Development Guidelines

If you are a construe developer there are several helper utilities built into the library that will allow you to manage datasets and models both locally and in the cloud. But first, there are additional dependencies that you must install.

In requirements.txt uncomment the section that says: "# Packaging Dependencies", e.g. your requirements should now have a section that appears similar to:

# Packaging Dependencies
black==24.10.0
build==1.2.2.post1
datasets==3.1.0
flake8==7.1.1
google-cloud-storage==2.19.0
packaging==24.2
pip==24.3.1
setuptools==75.3.0
twine==5.1.1
wheel==0.45.0

NOTE: the docs might not be up to date with all required dependencies, so make sure you use the latest requirements.txt.

Then install these dependencies and the test dependencies:

$ pip install -r requirements.txt
$ pip install -r tests/requirements.txt

Tests and Linting

All tests are in the tests folder and are structured similarly to the construe module. All tests can be run with pytest:

$ pytest

We use flake8 for linting as configured in setup.cfg – note that the .flake8 file is for IDEs only and is not used when running tests. If you want to use black to automatically format your files:

$ black path/to/file.py

Dataset Management

The python -m construe.datasets utility provides some helper functionality for managing datasets including the following commands:

  • manifest: Generate a manifest file from local fixtures.

  • originals: Download original datasets and store them in fixtures.
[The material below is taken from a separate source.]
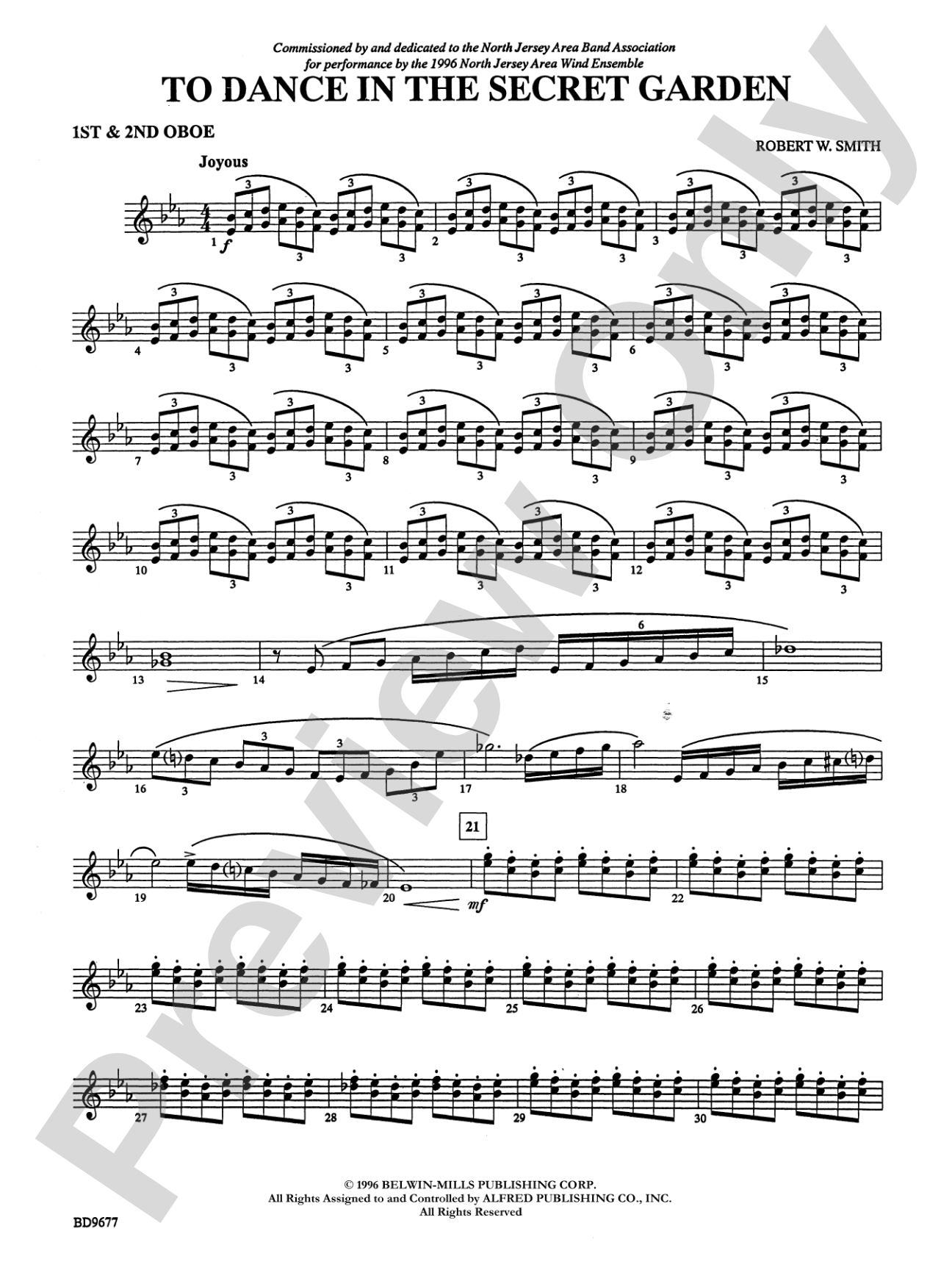 To Dance in the Secret Garden: 1st & 2nd Oboe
  • sample: Create a sample dataset from the original that is smaller.

  • upload: Upload datasets to GCP for user downloads.

To regenerate the datasets you would run the originals command first to download the datasets from HuggingFace or elsewhere on the web, then run sample to create statistical samples on those datasets. Run manifest to generate the new manifest for the datasets and SHA256 signatures, then run upload to save them to our GCP bucket.

You must have valid GCP service account credentials to upload datasets.

Models Management

The python -m construe.models utility provides helpers for managing models and converting them to the tflite format including the following commands:

  • convert: Convert source models to the tflite format for use in embeded systems.

  • manifest: Generate a manifest file from local fixtures.

  • originals: Download original models and store them in fixtures.

  • upload: Upload converted models to GCP for user downloads.

To regenerate the models you would run the originals command to download the models from HuggingFace, then run convert to transform them into the tflite format. Run manifest to generate the new manifest for the models and SHA256 signatures, then run upload to save them to our GCP bucket.

You must have valid GCP service account credentials to upload datasets.

Releases

To release the construe library and deploy to PyPI run the following commands:

$ python -m build
$ twine upload dist/*